# **Movies Analysis**

#### Step 1: **Introduction**
The primary aim of this project is to provide data-driven insights for a company looking to establish a new movie studio. With the entertainment industry evolving, the goal is to analyze existing film data to understand what types of movies perform best at the box office, helping the studio decide which genres, contributors, and themes to prioritize.


#### Step 2: **Business Problem**
The newly established movie studio, is keen to determine how to translate historical performance data into strategic decisions about film development, to produce content that is more likely to succeed commercially and meet audience demand. 
Despite being in a highly competitive industry, the movie studio lacks the data-driven insights needed to make informed decisions about which types of films to produce. Without understanding current trends in the movie market, including the genres, themes, budgets, cast, and production values that are most likely to succeed at the box office, the studio risks investing in film projects that may underperform or fail to attract audiences. The company is seeking to leverage data from multiple reputable sources (Box Office Mojo, IMDB, Rotten Tomatoes, The MovieDB, and The Numbers) to uncover actionable insights that will guide the creative, financial, and marketing decisions for the studio.

#### Step 3: **Objectives**
Our analysis will focus on the following objectives:

1. **Identify Popular Genres**: Analyze which genres tend to have higher ratings and more viewer engagement.
2. **Analyze Characteristics of High-Rated Movies**: Examine factors such as runtime, year of release, and genre combinations to see if they correlate with higher ratings.
3. **Determine Key Contributors**: Identify directors, writers, and actors who have contributed to successful movies, as potential partners for the new studio.
4. **Investigate Trends Over Time**: Look at how preferences in ratings, movie length, and genres have evolved over the years, highlighting trends that may be valuable for the new studio to consider.
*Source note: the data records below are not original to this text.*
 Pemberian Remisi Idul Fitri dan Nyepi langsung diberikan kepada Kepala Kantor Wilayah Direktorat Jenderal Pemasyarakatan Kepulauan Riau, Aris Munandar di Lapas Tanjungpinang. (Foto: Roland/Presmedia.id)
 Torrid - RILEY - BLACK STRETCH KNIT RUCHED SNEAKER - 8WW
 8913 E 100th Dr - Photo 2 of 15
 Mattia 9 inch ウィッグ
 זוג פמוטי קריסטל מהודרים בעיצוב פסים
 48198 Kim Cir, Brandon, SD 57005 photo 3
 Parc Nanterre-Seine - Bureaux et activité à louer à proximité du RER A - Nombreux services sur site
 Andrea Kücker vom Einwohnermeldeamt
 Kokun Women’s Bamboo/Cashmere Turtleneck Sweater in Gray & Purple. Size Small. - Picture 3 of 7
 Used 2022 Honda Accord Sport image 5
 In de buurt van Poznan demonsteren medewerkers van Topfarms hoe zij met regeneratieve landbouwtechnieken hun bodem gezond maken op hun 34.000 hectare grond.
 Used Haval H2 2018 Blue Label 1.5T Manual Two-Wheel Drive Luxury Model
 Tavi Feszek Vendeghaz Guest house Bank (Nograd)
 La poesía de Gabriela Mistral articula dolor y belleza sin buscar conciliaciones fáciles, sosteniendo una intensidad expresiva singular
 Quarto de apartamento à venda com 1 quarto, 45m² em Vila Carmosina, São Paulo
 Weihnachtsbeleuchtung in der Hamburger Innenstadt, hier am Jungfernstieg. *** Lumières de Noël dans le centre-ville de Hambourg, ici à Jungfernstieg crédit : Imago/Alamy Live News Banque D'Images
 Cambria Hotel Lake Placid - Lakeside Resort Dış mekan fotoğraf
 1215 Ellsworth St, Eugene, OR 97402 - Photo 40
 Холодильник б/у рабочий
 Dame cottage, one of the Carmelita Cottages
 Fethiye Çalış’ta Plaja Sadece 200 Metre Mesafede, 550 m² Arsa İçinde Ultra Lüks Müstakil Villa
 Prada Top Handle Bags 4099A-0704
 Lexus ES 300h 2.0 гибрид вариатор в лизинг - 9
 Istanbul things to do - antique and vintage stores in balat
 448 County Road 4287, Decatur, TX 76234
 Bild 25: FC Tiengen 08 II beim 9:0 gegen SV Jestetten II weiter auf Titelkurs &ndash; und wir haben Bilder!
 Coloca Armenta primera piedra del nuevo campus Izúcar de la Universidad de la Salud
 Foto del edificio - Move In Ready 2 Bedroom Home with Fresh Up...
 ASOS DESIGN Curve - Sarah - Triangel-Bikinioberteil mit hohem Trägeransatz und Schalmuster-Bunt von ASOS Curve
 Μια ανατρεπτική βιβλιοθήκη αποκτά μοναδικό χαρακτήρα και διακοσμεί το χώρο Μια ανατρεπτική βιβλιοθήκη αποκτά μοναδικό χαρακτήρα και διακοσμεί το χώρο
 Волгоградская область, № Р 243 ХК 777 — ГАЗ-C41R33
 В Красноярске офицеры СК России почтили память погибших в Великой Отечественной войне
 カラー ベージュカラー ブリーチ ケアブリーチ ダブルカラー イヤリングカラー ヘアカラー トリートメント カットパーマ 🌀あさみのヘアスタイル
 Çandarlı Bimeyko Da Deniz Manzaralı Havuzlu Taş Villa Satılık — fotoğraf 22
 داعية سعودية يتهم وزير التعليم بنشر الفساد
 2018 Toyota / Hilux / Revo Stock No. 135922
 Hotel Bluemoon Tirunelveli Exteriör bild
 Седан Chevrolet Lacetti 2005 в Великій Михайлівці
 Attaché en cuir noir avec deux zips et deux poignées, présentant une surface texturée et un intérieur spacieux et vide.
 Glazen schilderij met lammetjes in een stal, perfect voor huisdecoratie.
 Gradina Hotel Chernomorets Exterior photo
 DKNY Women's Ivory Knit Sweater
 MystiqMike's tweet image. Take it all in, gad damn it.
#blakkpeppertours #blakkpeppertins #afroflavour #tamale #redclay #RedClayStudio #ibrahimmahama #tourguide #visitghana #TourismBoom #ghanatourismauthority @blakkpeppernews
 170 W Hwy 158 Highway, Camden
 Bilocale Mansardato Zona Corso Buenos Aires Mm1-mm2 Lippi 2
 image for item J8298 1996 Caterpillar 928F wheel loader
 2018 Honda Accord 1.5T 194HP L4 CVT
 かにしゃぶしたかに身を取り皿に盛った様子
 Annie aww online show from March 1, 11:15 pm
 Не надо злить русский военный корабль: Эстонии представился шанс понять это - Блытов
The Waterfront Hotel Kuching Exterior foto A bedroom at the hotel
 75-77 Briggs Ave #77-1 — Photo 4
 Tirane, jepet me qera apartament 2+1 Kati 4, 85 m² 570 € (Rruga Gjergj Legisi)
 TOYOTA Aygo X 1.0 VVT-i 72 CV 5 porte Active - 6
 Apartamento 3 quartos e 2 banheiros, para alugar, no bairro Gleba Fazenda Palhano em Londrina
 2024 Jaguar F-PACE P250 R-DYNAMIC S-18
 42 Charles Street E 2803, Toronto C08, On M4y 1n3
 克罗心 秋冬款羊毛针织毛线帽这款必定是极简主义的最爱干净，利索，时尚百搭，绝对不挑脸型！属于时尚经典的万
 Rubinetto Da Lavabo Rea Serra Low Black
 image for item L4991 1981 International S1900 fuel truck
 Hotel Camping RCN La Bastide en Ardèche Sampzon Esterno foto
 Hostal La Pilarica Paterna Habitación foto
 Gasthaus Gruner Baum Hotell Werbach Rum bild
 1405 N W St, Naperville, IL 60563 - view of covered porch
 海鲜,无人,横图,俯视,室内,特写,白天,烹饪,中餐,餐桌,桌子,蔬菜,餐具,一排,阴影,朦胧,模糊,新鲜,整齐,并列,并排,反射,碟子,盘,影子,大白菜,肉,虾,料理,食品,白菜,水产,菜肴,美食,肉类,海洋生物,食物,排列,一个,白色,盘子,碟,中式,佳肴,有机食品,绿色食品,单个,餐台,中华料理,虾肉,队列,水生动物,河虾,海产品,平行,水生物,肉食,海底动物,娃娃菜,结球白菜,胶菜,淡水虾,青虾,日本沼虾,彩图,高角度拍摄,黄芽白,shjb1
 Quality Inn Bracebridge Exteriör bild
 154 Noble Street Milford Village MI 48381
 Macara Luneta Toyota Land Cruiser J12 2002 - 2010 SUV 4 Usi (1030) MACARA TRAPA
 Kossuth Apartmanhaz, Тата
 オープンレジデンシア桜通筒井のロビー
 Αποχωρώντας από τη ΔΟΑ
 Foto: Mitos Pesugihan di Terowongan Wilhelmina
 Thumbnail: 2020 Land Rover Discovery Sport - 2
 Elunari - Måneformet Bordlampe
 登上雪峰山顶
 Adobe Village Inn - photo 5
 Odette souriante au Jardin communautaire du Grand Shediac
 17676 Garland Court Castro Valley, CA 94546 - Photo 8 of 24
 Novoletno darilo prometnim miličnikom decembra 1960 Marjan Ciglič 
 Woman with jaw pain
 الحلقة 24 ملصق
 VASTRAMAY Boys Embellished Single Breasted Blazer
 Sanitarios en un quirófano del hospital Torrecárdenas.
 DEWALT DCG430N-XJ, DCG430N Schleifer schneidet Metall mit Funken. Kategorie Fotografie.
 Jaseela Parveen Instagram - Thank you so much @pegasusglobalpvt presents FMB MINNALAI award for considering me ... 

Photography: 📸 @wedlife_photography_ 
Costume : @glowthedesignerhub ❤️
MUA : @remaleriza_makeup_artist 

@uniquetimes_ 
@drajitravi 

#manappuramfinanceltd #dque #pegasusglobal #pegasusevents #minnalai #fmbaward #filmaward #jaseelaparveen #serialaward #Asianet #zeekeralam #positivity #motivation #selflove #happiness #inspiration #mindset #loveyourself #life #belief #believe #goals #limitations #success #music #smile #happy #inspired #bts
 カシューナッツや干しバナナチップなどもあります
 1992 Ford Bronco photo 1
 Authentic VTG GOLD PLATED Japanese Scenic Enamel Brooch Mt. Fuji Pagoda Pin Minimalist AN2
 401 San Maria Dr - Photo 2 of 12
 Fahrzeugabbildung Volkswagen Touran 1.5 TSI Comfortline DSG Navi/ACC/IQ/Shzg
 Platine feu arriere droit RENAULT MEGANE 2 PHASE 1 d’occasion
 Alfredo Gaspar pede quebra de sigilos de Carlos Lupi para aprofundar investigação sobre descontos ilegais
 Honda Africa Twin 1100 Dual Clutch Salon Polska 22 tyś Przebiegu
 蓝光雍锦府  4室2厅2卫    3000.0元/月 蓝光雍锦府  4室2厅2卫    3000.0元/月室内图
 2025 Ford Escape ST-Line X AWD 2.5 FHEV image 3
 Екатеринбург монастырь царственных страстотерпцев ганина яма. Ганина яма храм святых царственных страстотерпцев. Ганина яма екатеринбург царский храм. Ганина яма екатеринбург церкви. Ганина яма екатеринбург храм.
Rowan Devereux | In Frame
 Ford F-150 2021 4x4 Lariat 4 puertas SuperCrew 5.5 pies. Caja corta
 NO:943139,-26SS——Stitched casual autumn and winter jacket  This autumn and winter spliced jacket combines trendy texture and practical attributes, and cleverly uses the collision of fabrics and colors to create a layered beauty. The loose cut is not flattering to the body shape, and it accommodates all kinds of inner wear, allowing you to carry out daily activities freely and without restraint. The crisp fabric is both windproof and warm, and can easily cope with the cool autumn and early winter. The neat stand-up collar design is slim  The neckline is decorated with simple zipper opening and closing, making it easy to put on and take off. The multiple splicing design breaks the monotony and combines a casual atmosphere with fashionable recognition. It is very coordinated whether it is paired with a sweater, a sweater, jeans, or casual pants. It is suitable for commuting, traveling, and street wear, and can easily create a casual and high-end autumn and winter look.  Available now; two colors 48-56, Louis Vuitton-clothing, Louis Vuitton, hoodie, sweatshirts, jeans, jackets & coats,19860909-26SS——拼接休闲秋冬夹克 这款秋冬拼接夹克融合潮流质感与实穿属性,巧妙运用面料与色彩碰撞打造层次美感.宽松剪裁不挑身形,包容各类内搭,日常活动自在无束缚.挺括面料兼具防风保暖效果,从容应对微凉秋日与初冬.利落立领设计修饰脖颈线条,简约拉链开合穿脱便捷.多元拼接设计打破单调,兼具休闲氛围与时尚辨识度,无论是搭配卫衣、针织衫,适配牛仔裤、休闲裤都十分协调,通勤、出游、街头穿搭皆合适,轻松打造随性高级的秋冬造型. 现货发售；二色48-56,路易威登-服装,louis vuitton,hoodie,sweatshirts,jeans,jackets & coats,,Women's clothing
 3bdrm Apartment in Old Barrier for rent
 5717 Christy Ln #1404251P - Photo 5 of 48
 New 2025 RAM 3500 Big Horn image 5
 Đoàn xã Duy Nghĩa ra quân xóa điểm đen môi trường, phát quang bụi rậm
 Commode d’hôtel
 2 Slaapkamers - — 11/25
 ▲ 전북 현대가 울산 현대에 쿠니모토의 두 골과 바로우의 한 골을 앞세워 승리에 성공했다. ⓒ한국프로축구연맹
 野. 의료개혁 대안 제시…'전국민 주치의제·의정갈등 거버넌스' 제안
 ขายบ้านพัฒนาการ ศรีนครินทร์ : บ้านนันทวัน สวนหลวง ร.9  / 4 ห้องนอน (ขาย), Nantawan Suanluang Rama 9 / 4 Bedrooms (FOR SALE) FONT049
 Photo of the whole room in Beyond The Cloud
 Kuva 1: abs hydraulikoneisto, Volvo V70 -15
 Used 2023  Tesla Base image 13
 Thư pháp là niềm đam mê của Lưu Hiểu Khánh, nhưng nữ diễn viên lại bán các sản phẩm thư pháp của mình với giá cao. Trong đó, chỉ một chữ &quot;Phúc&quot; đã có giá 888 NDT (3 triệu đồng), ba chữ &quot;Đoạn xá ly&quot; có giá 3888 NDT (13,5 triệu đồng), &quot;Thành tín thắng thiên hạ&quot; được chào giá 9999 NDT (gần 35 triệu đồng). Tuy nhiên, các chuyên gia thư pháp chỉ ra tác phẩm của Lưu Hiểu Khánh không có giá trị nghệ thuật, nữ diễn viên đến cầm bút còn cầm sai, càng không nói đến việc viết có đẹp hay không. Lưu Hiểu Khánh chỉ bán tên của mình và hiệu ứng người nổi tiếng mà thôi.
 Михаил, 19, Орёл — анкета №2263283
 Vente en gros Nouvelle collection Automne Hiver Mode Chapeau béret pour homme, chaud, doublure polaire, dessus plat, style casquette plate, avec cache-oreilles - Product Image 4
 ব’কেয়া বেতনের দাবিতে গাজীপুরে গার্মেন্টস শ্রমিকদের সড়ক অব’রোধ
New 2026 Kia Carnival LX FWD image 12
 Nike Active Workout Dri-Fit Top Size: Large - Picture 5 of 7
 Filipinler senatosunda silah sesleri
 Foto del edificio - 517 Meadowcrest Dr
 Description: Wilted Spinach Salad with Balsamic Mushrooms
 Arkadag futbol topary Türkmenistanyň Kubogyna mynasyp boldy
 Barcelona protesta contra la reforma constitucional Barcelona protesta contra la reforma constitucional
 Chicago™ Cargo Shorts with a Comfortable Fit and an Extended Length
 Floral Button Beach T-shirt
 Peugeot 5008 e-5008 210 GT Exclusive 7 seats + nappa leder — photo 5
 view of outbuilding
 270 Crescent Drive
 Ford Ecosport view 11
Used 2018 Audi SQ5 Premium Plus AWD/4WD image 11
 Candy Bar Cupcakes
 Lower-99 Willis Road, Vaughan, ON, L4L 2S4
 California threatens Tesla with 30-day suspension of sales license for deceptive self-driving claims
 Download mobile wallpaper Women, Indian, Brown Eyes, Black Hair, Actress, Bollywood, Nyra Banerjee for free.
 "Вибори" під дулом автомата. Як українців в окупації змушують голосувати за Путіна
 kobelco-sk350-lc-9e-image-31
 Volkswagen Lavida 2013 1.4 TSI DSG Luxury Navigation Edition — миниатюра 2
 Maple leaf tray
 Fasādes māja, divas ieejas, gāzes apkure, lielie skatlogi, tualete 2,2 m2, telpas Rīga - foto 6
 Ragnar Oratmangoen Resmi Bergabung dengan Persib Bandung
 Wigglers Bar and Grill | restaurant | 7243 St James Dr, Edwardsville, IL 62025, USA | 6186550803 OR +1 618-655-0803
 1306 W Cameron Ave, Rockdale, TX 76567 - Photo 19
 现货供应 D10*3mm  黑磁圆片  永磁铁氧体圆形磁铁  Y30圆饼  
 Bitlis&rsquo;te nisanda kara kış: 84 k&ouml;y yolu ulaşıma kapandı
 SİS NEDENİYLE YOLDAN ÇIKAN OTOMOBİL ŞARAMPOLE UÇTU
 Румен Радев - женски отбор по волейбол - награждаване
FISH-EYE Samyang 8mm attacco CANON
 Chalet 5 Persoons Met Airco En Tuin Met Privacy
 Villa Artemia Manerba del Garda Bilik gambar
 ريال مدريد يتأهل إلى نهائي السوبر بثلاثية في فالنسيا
#### Step 4: **Data Understanding**


**Key Questions for Data Understanding**:
- What is the distribution of genres in the dataset?
- Are there missing values in critical columns (e.g., ratings, genres, runtime)?
- How are ratings distributed across movies?
- What are the relationships between tables that can help us analyze contributor impact (e.g., directors, writers)?

In [1]:
#install all libraries to be used
import pandas as pd
import numpy as np
import seaborn as sns
import scipy as sp
import scipy.stats as st
import sqlite3
import zipfile
import os
import statsmodels.api as sm
from statsmodels.stats.power import TTestIndPower, TTestPower
import statsmodels.formula as smf
import matplotlib.pyplot as plt
%matplotlib inline
import plotly.express as px
# Ignore all warnings
import warnings
warnings.filterwarnings('ignore')